**Task statement:** The expected output is the line bearing "Peugeot Partner 1.6 BlueHDi Active - 23" followed by all remaining lines of the records, each restated word for word.

*** Stored data

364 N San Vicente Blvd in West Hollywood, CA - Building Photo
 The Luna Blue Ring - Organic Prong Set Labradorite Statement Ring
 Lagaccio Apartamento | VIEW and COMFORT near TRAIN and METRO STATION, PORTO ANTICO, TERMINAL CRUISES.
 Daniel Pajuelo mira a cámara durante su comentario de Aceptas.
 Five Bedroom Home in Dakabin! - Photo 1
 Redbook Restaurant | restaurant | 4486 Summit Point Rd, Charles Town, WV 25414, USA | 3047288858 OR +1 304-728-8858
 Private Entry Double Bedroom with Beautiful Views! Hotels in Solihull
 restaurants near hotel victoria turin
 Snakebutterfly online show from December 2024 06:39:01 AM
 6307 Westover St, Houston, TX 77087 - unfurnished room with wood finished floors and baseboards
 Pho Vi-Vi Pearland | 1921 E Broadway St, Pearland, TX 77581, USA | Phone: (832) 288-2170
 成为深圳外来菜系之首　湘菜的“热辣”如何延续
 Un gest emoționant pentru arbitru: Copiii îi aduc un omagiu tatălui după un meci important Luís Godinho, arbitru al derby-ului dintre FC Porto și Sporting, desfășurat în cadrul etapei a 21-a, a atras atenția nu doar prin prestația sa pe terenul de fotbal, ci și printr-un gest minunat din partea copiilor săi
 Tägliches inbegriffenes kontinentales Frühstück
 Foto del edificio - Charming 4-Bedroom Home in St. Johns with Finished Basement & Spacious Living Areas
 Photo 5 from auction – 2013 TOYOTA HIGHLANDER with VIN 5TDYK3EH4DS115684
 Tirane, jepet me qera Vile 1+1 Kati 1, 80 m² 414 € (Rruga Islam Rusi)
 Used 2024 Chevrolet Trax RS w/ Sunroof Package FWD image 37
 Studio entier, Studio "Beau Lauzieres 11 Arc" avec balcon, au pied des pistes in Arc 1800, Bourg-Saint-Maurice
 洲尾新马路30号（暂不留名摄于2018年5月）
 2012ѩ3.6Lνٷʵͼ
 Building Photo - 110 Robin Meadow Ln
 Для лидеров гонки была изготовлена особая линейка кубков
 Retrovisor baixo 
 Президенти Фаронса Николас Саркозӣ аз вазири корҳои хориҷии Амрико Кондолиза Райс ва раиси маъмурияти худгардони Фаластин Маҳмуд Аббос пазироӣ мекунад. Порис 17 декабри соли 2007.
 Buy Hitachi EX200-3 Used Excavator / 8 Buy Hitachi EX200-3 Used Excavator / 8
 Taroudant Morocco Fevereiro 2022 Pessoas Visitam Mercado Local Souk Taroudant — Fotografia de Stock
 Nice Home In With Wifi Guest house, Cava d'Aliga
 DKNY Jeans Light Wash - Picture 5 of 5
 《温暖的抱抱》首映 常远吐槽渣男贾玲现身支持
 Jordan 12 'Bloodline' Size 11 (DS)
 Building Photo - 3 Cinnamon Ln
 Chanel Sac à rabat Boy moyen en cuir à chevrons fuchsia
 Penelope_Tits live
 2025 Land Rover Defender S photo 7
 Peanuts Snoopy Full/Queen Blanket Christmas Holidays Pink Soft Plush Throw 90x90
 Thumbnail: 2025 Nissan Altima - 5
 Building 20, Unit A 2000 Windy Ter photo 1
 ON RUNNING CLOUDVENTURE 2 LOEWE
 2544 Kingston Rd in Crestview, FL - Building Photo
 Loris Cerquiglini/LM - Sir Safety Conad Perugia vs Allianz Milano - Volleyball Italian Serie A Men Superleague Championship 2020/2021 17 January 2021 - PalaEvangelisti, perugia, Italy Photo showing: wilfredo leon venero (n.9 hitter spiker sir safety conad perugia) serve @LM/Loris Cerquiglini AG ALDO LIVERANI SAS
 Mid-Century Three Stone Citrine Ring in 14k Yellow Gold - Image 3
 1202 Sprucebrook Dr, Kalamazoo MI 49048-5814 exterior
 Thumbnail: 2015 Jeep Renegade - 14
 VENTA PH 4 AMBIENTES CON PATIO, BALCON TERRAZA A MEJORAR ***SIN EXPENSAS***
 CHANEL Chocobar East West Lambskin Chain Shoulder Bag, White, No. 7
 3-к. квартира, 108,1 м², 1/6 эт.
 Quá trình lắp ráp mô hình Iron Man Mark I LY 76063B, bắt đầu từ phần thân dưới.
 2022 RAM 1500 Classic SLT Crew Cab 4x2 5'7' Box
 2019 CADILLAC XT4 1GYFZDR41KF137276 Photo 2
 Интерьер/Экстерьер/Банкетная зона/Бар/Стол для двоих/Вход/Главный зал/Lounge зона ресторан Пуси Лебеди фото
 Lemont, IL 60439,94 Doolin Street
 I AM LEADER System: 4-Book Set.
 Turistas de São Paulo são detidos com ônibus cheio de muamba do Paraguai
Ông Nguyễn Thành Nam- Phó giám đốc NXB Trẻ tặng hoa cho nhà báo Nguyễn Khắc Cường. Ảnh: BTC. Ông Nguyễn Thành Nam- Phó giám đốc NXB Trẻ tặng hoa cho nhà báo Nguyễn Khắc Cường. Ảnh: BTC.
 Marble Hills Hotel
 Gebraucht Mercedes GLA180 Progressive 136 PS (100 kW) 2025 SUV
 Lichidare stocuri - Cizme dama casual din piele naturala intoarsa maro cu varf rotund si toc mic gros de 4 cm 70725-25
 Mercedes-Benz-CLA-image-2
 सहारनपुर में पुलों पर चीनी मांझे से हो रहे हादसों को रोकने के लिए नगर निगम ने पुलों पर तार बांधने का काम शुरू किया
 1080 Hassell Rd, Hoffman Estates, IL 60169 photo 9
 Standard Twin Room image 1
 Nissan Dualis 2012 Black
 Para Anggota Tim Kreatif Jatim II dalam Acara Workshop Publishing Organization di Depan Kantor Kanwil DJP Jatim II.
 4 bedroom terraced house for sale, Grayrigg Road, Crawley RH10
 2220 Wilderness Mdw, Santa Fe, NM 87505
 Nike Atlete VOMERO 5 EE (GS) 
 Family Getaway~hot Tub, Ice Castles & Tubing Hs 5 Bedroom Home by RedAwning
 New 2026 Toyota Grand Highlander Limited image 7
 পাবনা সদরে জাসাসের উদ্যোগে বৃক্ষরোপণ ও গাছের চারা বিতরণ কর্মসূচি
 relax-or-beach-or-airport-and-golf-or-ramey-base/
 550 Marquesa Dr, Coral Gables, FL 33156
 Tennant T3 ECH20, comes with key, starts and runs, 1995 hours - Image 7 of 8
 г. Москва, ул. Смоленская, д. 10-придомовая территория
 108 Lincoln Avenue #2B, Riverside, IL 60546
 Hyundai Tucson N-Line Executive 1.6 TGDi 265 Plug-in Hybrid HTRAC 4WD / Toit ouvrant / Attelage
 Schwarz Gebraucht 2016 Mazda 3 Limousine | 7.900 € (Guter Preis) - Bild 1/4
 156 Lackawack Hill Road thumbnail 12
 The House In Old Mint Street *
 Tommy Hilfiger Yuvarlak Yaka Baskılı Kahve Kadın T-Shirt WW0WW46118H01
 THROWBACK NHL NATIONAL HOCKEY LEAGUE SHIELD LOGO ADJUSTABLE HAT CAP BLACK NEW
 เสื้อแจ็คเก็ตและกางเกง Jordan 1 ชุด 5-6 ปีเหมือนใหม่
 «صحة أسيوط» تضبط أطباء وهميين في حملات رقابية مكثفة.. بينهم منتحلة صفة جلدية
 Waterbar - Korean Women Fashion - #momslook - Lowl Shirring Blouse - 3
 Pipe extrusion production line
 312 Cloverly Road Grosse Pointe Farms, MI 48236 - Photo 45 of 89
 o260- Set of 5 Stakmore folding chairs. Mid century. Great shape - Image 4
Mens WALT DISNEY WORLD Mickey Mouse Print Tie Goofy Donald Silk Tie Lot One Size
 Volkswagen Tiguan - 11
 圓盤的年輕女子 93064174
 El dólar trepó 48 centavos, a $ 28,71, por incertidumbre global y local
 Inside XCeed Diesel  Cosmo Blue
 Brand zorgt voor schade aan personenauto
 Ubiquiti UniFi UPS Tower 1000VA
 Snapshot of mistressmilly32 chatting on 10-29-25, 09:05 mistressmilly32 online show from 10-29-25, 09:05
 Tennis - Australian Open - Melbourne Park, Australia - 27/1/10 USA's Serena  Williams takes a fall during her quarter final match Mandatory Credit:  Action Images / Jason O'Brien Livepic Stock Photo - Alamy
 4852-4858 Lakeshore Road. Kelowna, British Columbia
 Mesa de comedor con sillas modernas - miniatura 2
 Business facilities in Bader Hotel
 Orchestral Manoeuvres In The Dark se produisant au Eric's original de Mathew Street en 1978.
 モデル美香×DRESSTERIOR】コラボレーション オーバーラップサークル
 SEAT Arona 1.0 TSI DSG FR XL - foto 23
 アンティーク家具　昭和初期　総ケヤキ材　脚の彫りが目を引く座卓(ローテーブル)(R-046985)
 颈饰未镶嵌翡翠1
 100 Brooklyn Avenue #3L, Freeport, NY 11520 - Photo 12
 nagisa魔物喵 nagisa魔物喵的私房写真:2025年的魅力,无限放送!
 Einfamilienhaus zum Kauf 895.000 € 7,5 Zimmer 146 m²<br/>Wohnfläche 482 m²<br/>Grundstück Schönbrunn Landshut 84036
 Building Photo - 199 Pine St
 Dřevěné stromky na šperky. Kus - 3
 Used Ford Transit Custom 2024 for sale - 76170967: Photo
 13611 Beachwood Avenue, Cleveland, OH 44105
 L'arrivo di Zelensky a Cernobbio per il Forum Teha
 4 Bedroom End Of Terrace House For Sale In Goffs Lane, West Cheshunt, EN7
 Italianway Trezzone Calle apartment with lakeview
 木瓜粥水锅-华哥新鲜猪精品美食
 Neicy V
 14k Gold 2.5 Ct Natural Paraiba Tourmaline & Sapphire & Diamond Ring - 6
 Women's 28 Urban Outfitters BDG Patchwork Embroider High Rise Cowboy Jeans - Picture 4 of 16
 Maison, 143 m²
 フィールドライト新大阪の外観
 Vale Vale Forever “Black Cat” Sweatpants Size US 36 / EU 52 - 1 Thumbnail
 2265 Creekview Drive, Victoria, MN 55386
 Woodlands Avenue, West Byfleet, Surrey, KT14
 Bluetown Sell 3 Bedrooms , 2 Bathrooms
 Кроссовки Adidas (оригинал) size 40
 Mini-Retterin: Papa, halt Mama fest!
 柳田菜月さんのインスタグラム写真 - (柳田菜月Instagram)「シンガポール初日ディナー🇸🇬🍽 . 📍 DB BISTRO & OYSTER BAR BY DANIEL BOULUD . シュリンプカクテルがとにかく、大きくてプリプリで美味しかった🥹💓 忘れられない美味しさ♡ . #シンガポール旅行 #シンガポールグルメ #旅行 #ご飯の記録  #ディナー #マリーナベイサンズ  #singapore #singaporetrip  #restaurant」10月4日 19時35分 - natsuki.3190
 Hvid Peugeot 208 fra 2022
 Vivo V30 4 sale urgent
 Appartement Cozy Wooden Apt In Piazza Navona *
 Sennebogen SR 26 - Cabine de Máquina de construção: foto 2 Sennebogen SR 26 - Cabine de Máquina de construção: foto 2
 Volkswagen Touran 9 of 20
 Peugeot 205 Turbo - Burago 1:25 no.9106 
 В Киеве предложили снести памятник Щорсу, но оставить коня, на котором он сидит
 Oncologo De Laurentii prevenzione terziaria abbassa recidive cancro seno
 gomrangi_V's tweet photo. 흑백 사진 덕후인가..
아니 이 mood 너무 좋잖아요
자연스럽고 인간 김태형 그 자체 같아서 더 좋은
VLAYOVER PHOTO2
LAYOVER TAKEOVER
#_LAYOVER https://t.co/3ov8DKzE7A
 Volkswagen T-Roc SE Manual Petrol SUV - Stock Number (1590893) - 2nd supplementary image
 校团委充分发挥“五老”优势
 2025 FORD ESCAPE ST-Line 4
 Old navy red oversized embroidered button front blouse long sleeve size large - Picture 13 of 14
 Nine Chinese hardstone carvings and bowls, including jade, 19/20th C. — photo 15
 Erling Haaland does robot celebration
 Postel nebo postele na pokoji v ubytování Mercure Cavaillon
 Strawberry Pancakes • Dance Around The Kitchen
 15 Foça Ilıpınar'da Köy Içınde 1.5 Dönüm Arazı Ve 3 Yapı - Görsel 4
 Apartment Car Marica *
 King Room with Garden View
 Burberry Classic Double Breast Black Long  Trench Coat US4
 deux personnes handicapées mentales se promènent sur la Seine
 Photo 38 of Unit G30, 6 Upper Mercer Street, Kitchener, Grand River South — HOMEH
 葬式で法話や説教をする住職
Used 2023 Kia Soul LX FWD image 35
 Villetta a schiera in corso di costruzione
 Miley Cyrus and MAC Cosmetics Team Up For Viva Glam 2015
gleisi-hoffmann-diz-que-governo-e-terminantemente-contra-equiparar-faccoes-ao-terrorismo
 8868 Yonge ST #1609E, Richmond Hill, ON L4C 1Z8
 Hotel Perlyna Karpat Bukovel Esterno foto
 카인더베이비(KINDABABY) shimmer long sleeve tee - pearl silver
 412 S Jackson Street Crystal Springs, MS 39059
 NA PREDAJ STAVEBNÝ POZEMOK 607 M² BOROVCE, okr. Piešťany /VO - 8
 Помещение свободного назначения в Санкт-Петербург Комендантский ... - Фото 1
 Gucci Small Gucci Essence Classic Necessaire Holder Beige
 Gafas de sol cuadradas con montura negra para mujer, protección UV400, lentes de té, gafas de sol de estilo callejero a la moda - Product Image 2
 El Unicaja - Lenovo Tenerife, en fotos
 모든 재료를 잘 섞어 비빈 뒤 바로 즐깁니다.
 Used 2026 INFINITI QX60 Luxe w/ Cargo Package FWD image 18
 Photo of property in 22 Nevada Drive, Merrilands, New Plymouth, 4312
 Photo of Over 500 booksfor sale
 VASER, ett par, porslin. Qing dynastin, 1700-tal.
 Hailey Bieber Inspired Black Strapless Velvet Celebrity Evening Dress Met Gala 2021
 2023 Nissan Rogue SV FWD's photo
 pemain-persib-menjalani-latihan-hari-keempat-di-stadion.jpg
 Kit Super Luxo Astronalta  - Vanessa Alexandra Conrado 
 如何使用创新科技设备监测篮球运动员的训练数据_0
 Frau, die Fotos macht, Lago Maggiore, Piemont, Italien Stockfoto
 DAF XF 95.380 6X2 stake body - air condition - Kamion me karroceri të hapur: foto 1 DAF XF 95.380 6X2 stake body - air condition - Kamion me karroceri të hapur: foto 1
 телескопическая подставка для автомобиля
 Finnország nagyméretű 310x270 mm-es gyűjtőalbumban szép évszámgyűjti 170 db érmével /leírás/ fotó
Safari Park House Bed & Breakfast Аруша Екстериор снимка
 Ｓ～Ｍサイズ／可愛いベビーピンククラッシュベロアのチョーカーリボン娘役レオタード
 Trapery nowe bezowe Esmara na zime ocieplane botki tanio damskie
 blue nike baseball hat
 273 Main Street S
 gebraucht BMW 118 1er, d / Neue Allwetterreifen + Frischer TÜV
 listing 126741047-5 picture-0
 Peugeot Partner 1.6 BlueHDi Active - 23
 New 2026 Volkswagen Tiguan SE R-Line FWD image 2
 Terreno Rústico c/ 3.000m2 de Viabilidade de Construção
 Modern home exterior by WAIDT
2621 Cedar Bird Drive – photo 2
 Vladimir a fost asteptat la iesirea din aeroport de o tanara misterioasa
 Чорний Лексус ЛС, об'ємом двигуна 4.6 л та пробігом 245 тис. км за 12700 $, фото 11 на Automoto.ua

******

**The answer:**
 Peugeot Partner 1.6 BlueHDi Active - 23
 New 2026 Volkswagen Tiguan SE R-Line FWD image 2
 Terreno Rústico c/ 3.000m2 de Viabilidade de Construção
 Modern home exterior by WAIDT
2621 Cedar Bird Drive – photo 2
 Vladimir a fost asteptat la iesirea din aeroport de o tanara misterioasa
 Чорний Лексус ЛС, об'ємом двигуна 4.6 л та пробігом 245 тис. км за 12700 $, фото 11 на Automoto.ua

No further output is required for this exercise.